Moloney prepares for pastures new after Glanbia
Cantillon: outgoing managing director’s legacy will be that he completely changed the direction of the business
Group managing director of Glanbia John Moloney expects to remain active in business through roles such as non-executive director at Greencore and DCC. Photograph: Frank Miller
Glanbia group managing director John Moloney is preparing for pastures new. Yesterday he presided over his last set of results for the food group, and was “very happy” with the company’s performance – although he was quick to add that while the firm is in a strong position at present, “there have been plenty of difficult times as well. There has been a lot of change, and the company is quite different now.”
Not quite a lifer at Glanbia, Moloney joined the group from the Department of Agriculture in 1987. And for Goodbody analyst Liam Igoe, the Glanbia chief’s tenure at the food firm is “a text-book case of how to go about turning around a troubled business”.
Recalling how the group was in a “mire” after the initial merger between Avonmore Foods and Waterfood Foods in 1997, Igoe says it was facing in the wrong direction, expanding aggressively into international dairy commodity markets.
Moloney’s legacy will be that he managed to completely change the direction of the business, rolling back on some of the mistakes that had been made and refocusing the business on areas such as performance nutrition.
“That became the new focus. It took a long time to convert that idea into a workable business model, but slowly and surely it happened.
“And it has gathered greater momentum over the past half dozen years,” says Igoe.
Moloney will formally step down from his role as managing director this December and will hand over the reins to finance director Siobhán Talbot, a year earlier than expected.
For Moloney, the move is about effecting a “rebalance” in his life, but he expects to remain active in business through roles such as non-executive director at Greencore and DCC.
When is a housing recovery real?
Nobody (one hopes) wants to talk up residential property prices to dangerous, cliff-falling-off levels again but it seems to be undeniable that a little bit of a revival is occurring in the housing market, in Dublin at least. Depending on where you stand in the great merry-go-round, Tuesday’s figures could either be very good or very bad news. At the extremes, they will generate guarded optimism for the thousands of homeowners trapped in negative equity, while for the unquantified hordes (or maybe not) of house-hunters, they may be the source of panic.

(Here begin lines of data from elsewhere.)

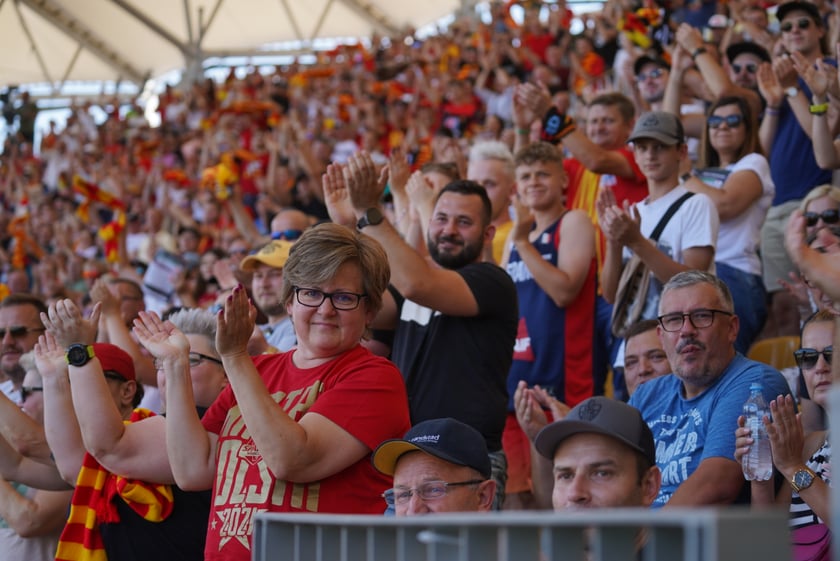 Zwycięski mecz Betardu Sparta Wrocław na swoim stadionie 9 lipca 2023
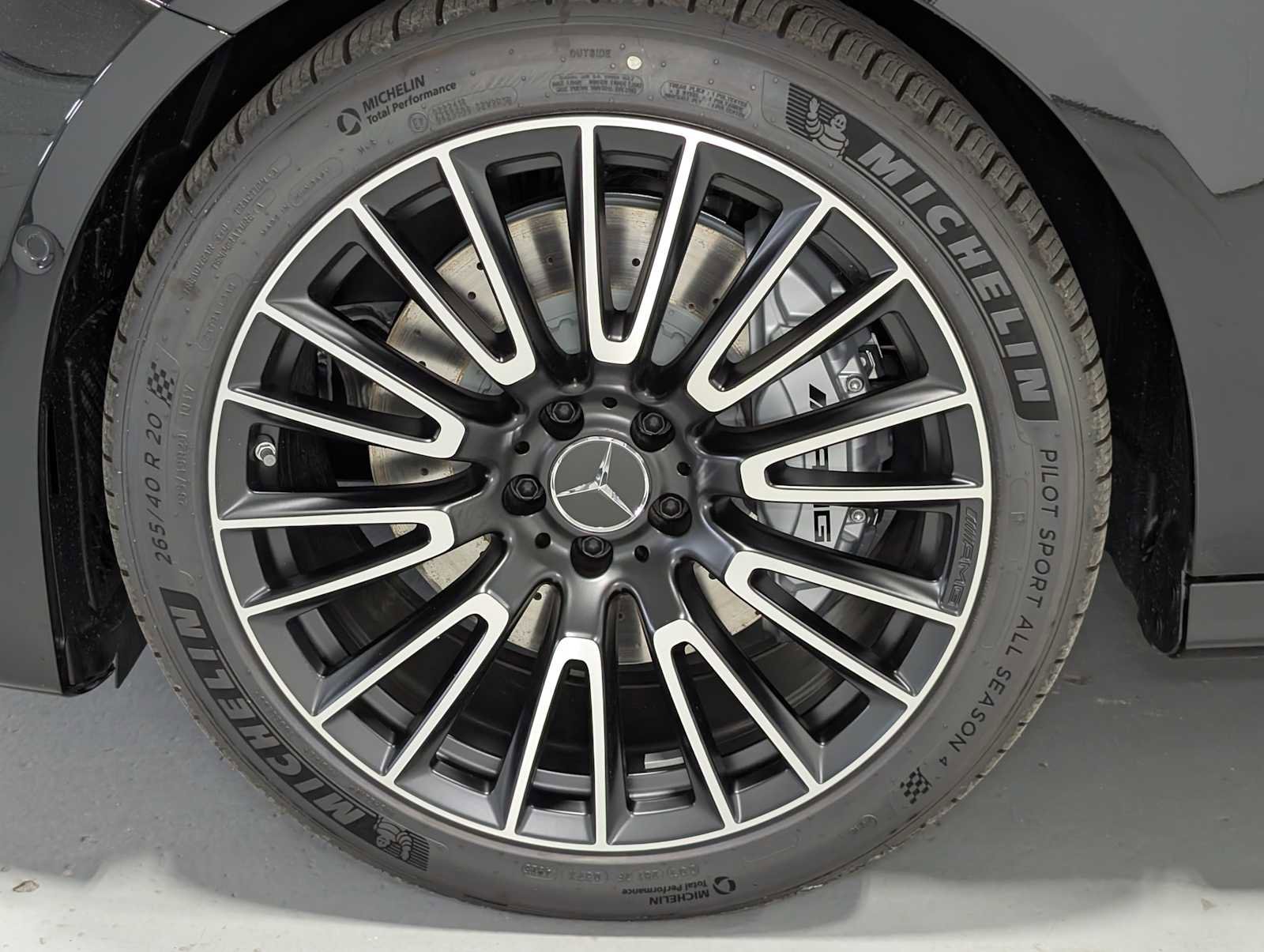 New 2026 Obsidian Black Metallic Mercedes-Benz AMG® E 53 E 4MATIC+ Sedan image 3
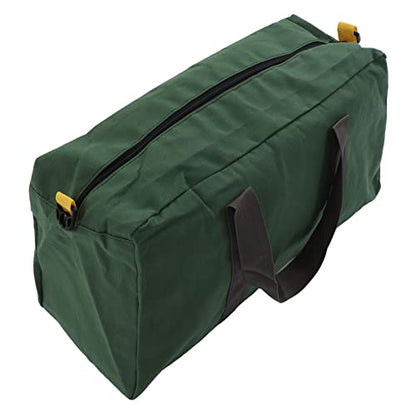 Garosa 18 Inch Tool Bag Large Capacity Wide Mouth Hardware Tool Bag Portable Heavy Duty Portable Hand Tool Tote for Carpentry Electrician - size: 18 Inch
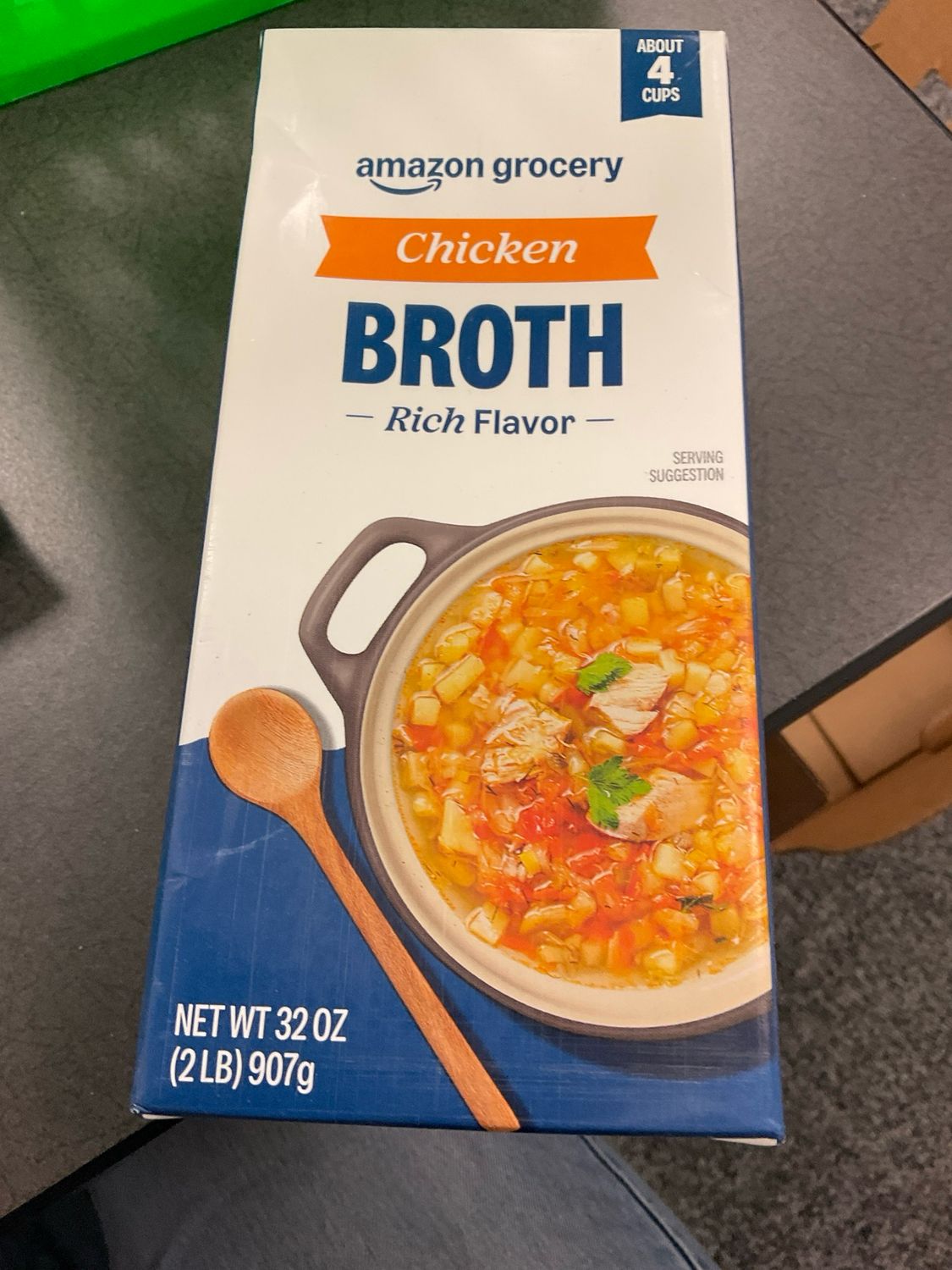Amazon Chicken Broth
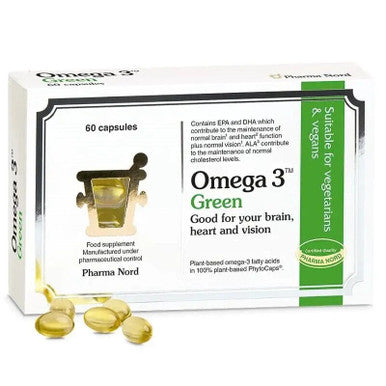 Omega 3 Green vegan capsules 60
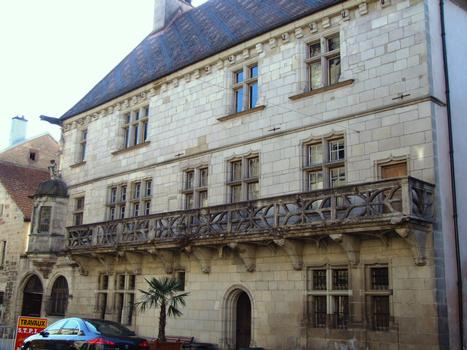 Luxeuil-les-Bains - Maison du cardinal Jouffroy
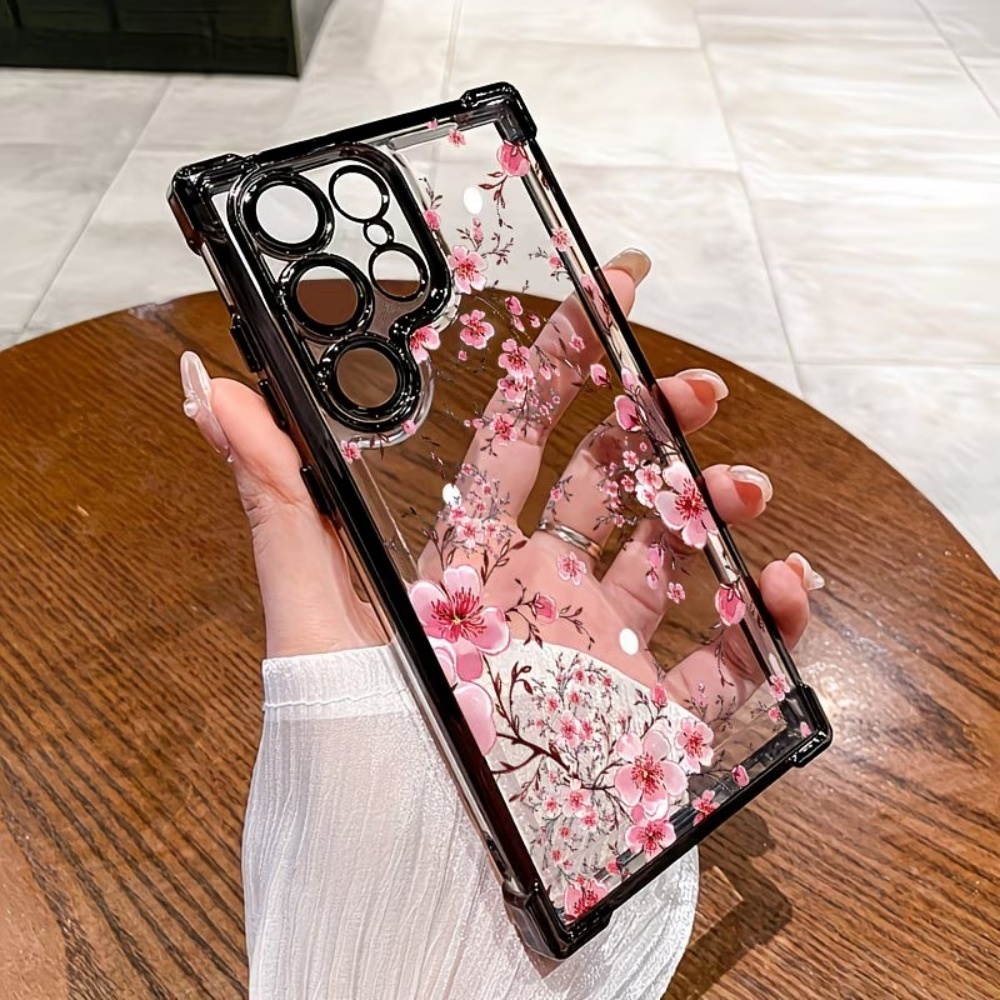 Cherry Blossom Electroplated F - đánh giá và giá Phone Accessories Samsung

The CSO found that residential prices climbed for the fourth month in a row in July and are now 2.3 per cent higher than a year ago, although this average masks differing performances for houses and apartments and, more notably, for property in Dublin and outside.
Economists are sensibly hesitant to proclaim a bottom for the market, with Davy’s experts noting that the CSO’s reliance on mortgage-based purchases makes its data pool relatively small. The broker observes that last year, just 0.7 per cent of the State’s housing stock was “transacted” through mortgage lending and says a more “normalised” level would be close to 3 per cent. Cash buyers, furthermore, accounted for about half of purchases in the second quarter of this year – hardly a sustainable position.